Thursday, April 7, 2005

Can A Lawyer Testify At A Client's Trial?

News reports (See, e.g., Wall Street Journal, Atlanta Jrl Constitution) are talking about the possibility that Dennis Kozlowski's attorney may be an upcoming witness at his trial. Kozlowski, former CEO of Tyco, along with Mark Swartz is presently on trial for a host of charges, including larceny under New York State law.  It seems that Attorney David Boies did an internal investigation of the company for Tyco's Board and that he may now be a witness in the trial.  The problem is that there seems to be a conflict in testimony between what he might say, and what Kozlowski's present attorney might say with regard to Kozlowki's departure from the company.   
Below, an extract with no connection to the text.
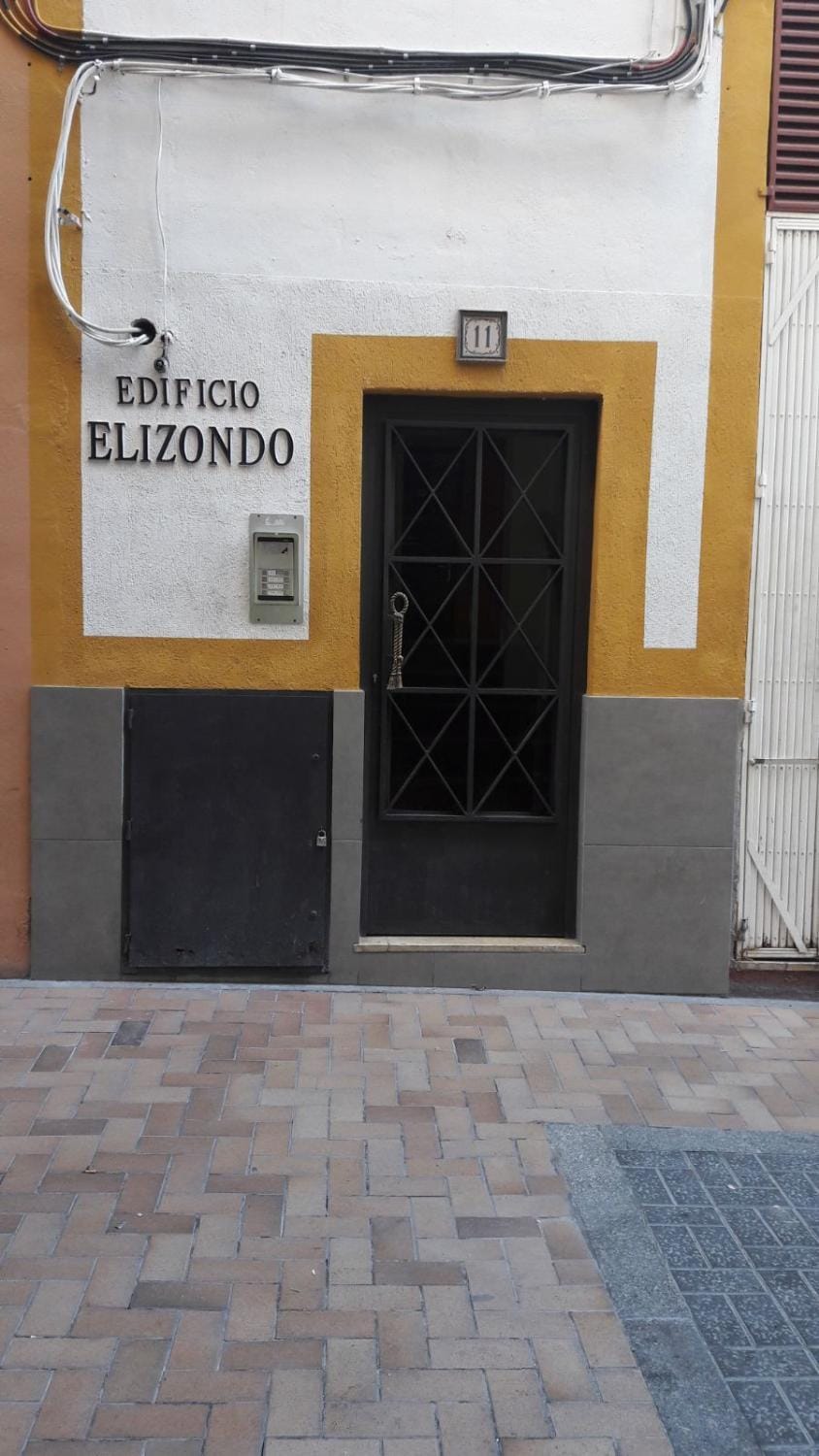 Property building, Facade/entrance, Off site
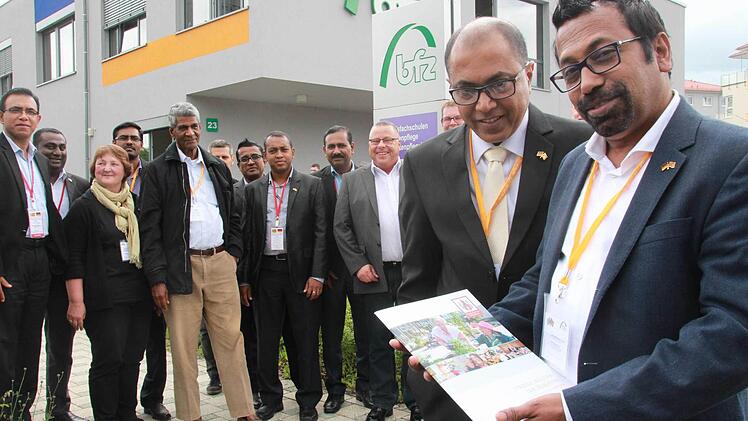 Mihira Wickramarachchi (rechts) und Dr. Kithsiri Edirisinghe (daneben) aus Sri Lanka wollen zusammen mit weiteren Kollegen aus dem fernöstlichen Gesundheitswesen erfahren, wie die Branche in Deutschland arbeitet. Dafür machen sie auch in Bad Kissingen Halt und informieren sich am bfz. Foto: Carmen Schmitt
So can a lawyer testify at the trial of their own client?  And if so, can they ask themselves the questions on direct examination?  It could be quite a circus if the attorney would have to ask themselves questions, that they would then answer.
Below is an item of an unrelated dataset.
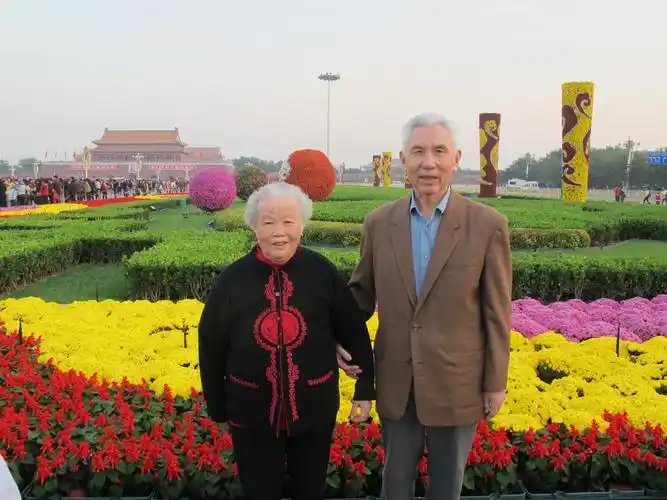 父母亲在国庆期间与天安门合影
First, in the rare circumstance that this happens, the witness testifying normally has another attorney ask the questions -- so that's easy to resolve.  But the tougher question is whether the present attorney can testify in the trial of his client in order to rebut testimony presented by a witness at the trial (the fact that the initial witness is an attorney is not a factor).  And if he or she does testify, can they remain counsel for the client for the rest of case. 

The ABA Model Rules of Professional Conduct speak to this issue in Rule 3.7(a), where it states:

(a) A lawyer shall not act as advocate at a trial in which the lawyer is likely to be a necessary witness unless:

(1) the testimony relates to an uncontested issue;

(2) the testimony relates to the nature and value of legal services rendered in the case; or

(3) disqualification of the lawyer would work substantial hardship on the client. . . .

Rule 3.7(a)(1)(2) do not apply here, but the question of (3) is one that may need to be considered.  Would it be a substantial hardship for Kozlowski to have to get new counsel, or to proceed without his lead counsel, for the rest of this trial.  And if the prosecution really needs the initial testimony, knowing full well that it might mean that trial counsel may need to take the stand and respond, do they want to risk a problem in the case just for this testimony? 

The New York Ethics Rules differ slightly, but not significantly on this issue.  DR5-102 states:

DR 5-102A. A lawyer shall not act, or accept employment that contemplates the lawyer's acting, as an advocate on issues of fact before any tribunal if the lawyer knows or it is obvious that the lawyer ought to be called as a witness on a significant issue on behalf of the client, except that the lawyer may act as an advocate and also testify:

1. If the testimony will relate solely to an uncontested issue.
2. If the testimony will relate solely to a matter of formality and there is no reason to believe that substantial evidence will be offered in opposition to the testimony.
3. If the testimony will relate solely to the nature and value of legal services rendered in the case by the lawyer or the lawyer's firm to the client.
4. As to any matter, if disqualification as an advocate would work a substantial hardship on the client because of the distinctive value of the lawyer as counsel in the particular case. . . .

Here again, the issue may be whether it would be a substantial hardship to the client.  But do the prosecutors in the Kozlowski trial really want to run the risk of having the defendant's own counsel up on the witness stand testifying for the defense.